== Exercise ==
What you should give back is a precise copy of the lines below from the one containing "सीएम योगी के" through the one containing "nchini Hhohho Nunua", with no pictures.

== Excerpted records ==
---+---

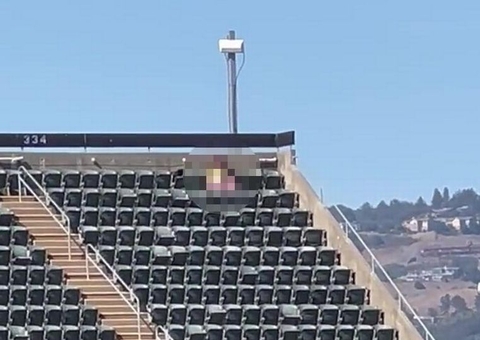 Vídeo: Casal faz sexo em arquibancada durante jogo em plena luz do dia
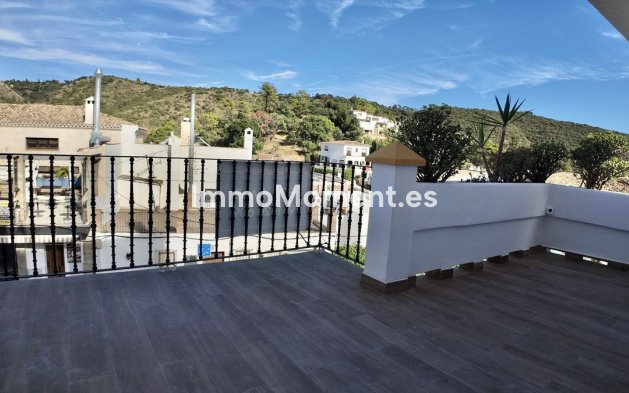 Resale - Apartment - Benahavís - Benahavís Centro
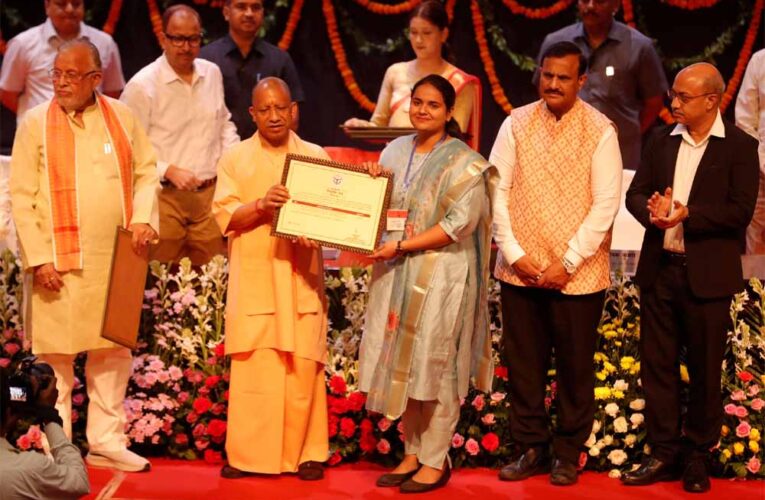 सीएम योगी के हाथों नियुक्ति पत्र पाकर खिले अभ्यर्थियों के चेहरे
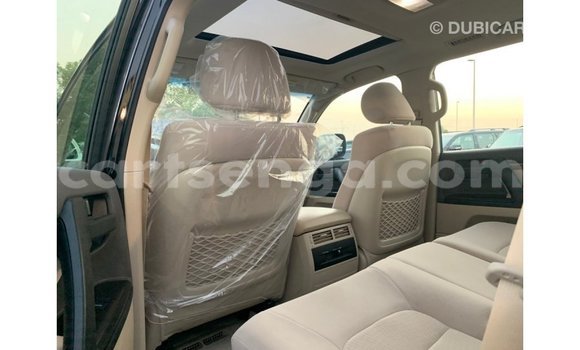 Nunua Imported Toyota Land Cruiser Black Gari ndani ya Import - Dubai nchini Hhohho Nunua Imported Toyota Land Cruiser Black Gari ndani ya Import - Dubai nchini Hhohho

---+---

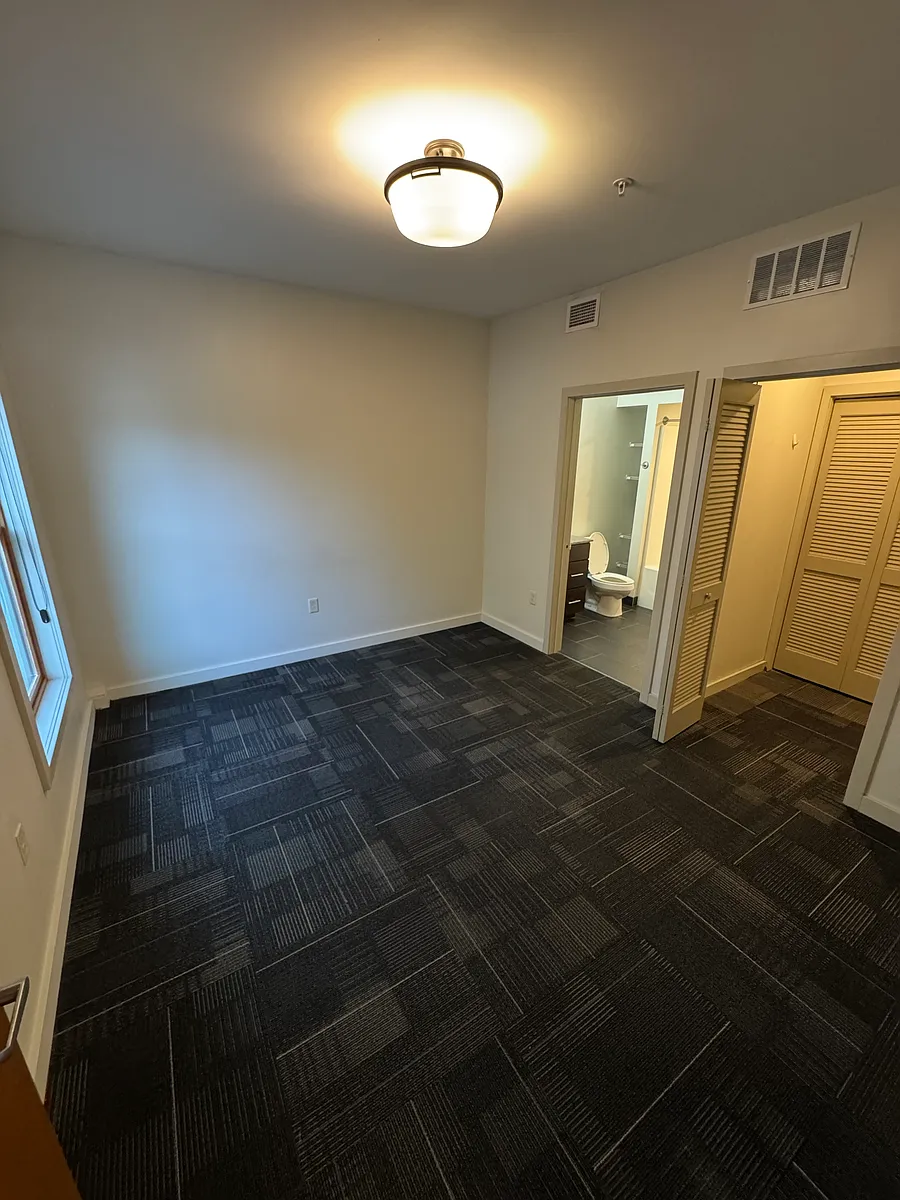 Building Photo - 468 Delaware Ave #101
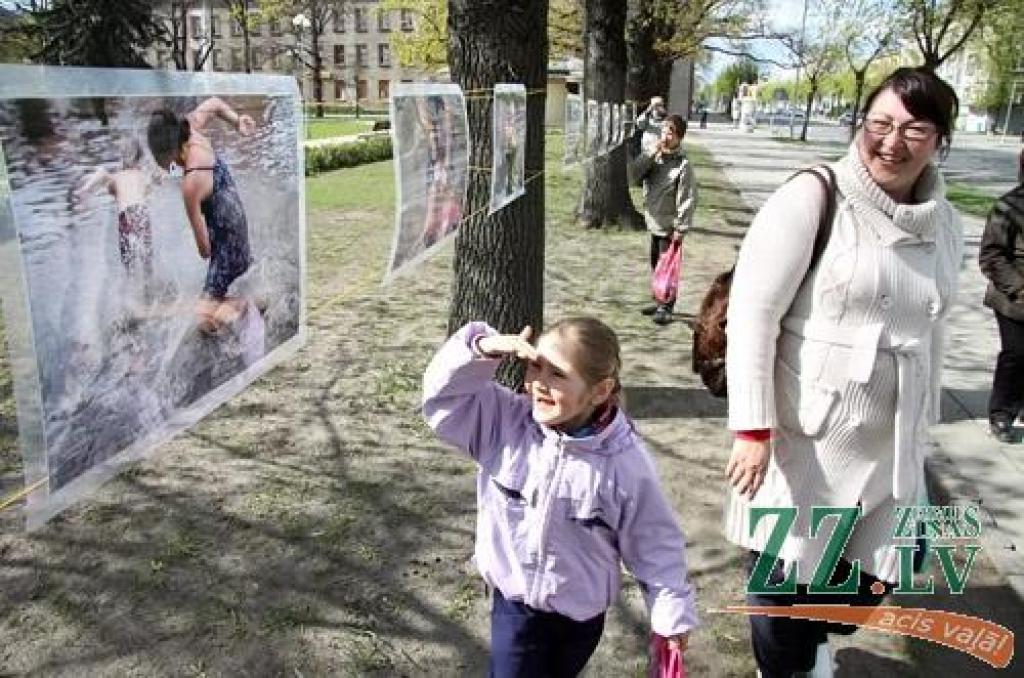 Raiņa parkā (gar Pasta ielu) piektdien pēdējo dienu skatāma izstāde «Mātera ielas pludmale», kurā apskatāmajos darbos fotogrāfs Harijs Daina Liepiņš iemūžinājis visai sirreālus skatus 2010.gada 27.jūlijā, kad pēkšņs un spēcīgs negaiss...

---+---

== Answer section ==
 सीएम योगी के हाथों नियुक्ति पत्र पाकर खिले अभ्यर्थियों के चेहरे
 Nunua Imported Toyota Land Cruiser Black Gari ndani ya Import - Dubai nchini Hhohho Nunua Imported Toyota Land Cruiser Black Gari ndani ya Import - Dubai nchini Hhohho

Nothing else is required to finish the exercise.